**PROVIDED RECORDS:**

- - - -

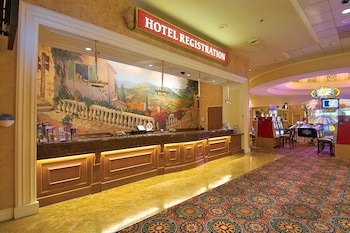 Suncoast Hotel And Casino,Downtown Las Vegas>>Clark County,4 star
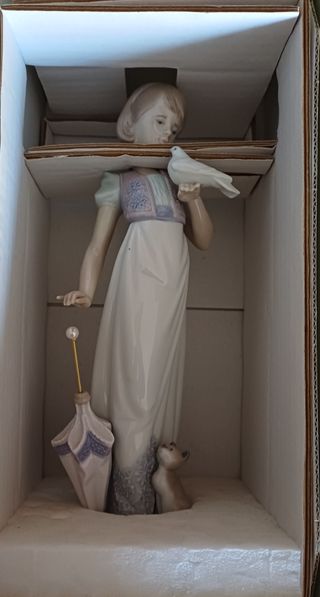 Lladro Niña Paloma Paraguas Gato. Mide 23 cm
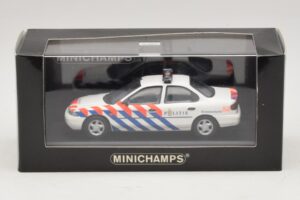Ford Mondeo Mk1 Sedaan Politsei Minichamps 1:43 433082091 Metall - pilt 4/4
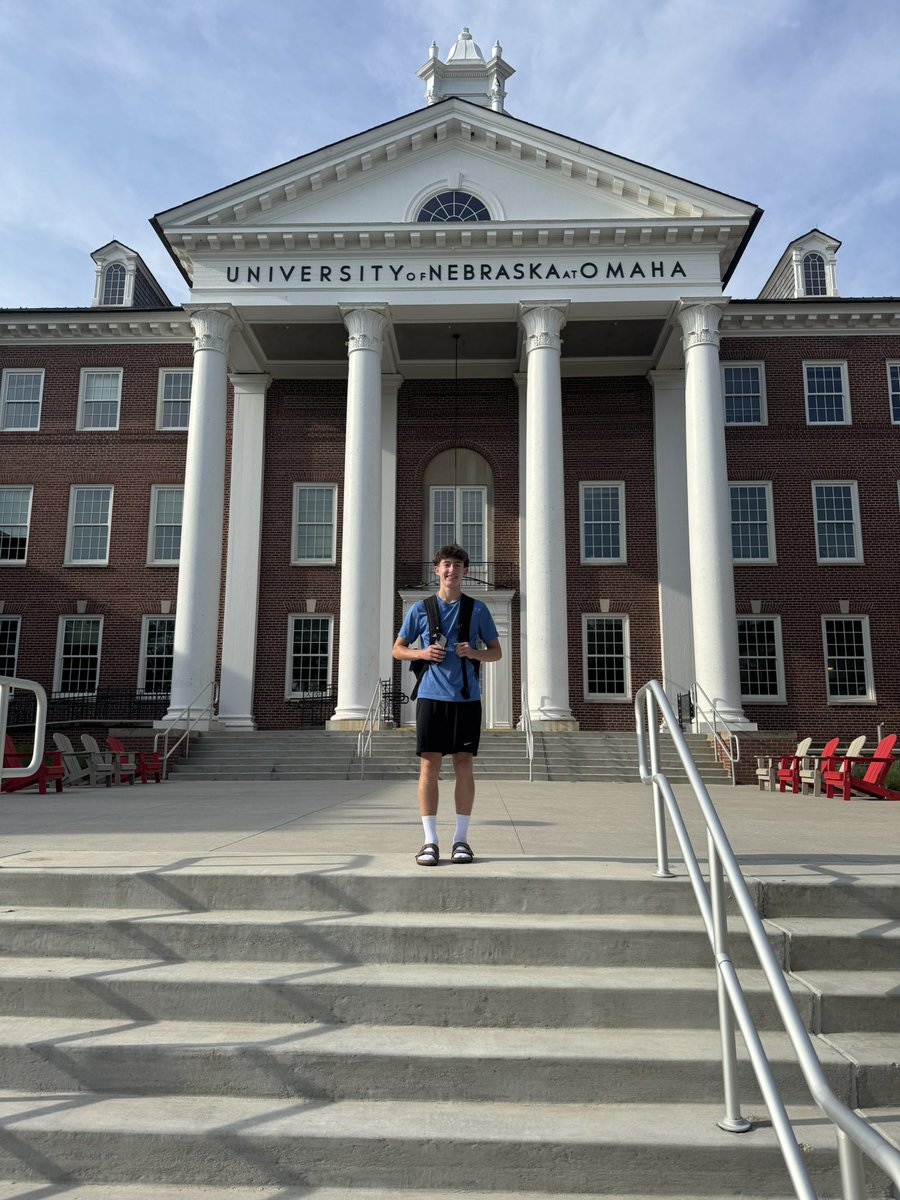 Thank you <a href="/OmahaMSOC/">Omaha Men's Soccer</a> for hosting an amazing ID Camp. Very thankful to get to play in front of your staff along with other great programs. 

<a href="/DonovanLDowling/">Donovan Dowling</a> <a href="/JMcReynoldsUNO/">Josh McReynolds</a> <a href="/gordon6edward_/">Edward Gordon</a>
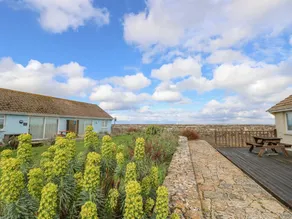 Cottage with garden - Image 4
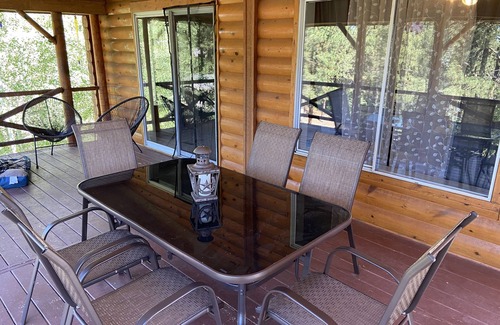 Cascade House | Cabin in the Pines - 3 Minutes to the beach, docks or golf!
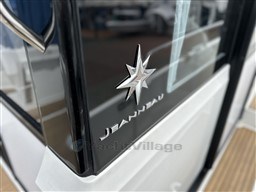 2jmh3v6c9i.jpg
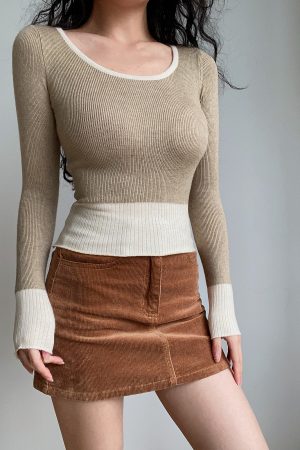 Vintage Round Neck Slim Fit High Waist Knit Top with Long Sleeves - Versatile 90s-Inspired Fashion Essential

- - - -

**TASK TO COMPLETE:** Repeat the records above word for word, apart from the pictures.

**WRITTEN RESPONSE:**
 Suncoast Hotel And Casino,Downtown Las Vegas>>Clark County,4 star
 Lladro Niña Paloma Paraguas Gato. Mide 23 cm
Ford Mondeo Mk1 Sedaan Politsei Minichamps 1:43 433082091 Metall - pilt 4/4
 Thank you <a href="/OmahaMSOC/">Omaha Men's Soccer</a> for hosting an amazing ID Camp. Very thankful to get to play in front of your staff along with other great programs. 

<a href="/DonovanLDowling/">Donovan Dowling</a> <a href="/JMcReynoldsUNO/">Josh McReynolds</a> <a href="/gordon6edward_/">Edward Gordon</a>
 Cottage with garden - Image 4
 Cascade House | Cabin in the Pines - 3 Minutes to the beach, docks or golf!
 2jmh3v6c9i.jpg
 Vintage Round Neck Slim Fit High Waist Knit Top with Long Sleeves - Versatile 90s-Inspired Fashion Essential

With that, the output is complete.